# Task directions
All of the data must be written out verbatim, with pictures excluded.

*** Exercise input Section Begins ***

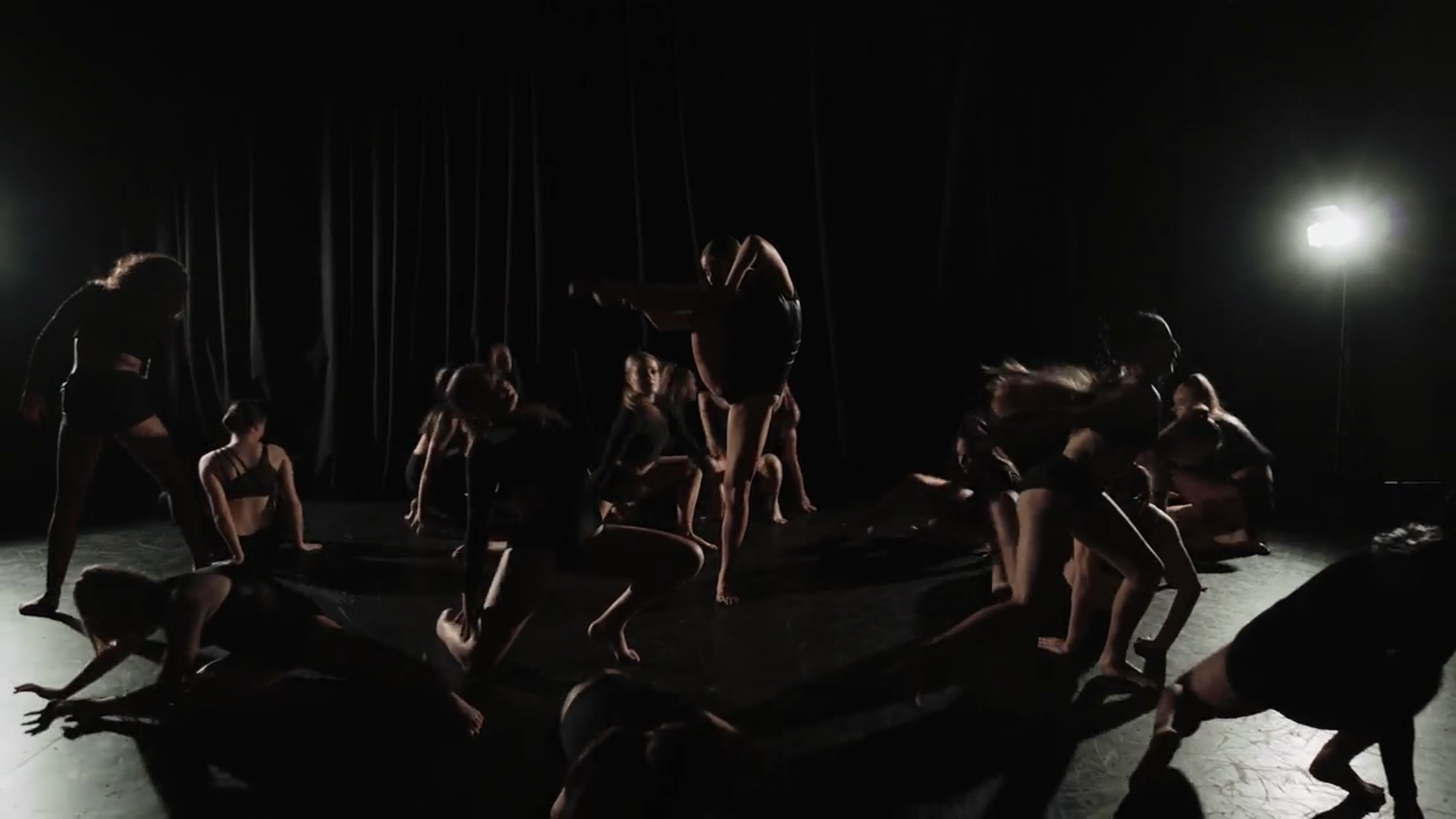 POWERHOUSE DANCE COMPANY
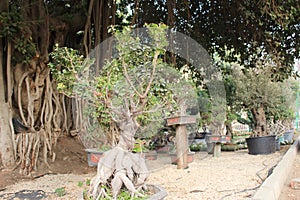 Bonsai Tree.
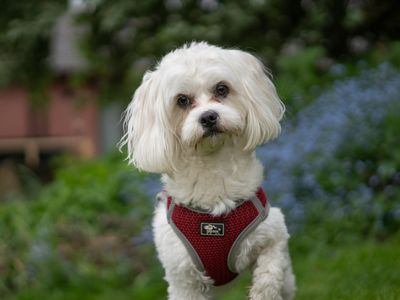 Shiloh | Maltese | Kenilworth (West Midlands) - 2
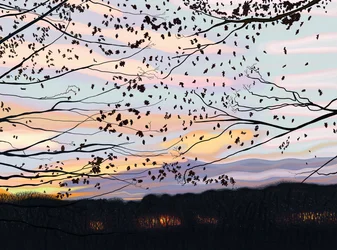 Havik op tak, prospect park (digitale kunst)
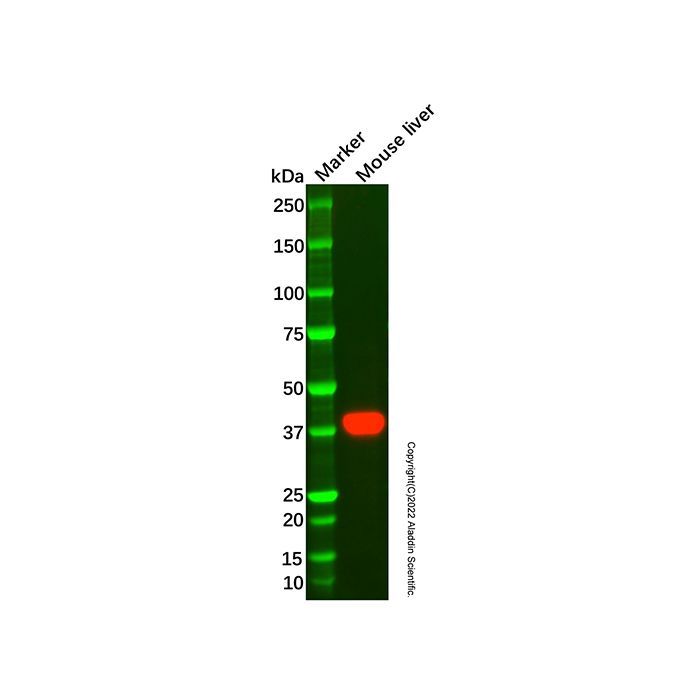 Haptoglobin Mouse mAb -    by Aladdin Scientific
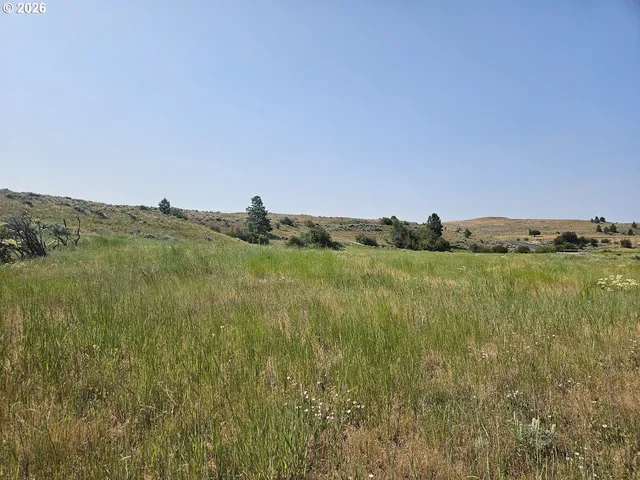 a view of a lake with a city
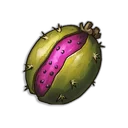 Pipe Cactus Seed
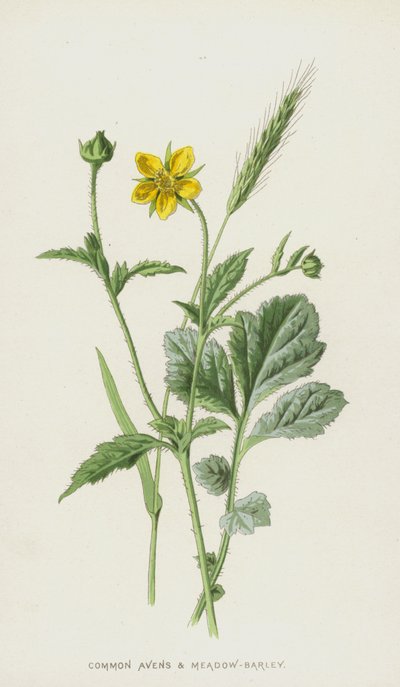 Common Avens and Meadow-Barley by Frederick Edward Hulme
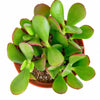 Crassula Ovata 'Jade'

*** Exercise input Section Ends ***

# Output for this task
 POWERHOUSE DANCE COMPANY
 Bonsai Tree.
 Shiloh | Maltese | Kenilworth (West Midlands) - 2
 Havik op tak, prospect park (digitale kunst)
 Haptoglobin Mouse mAb -    by Aladdin Scientific
 a view of a lake with a city
 Pipe Cactus Seed
 Common Avens and Meadow-Barley by Frederick Edward Hulme
 Crassula Ovata 'Jade'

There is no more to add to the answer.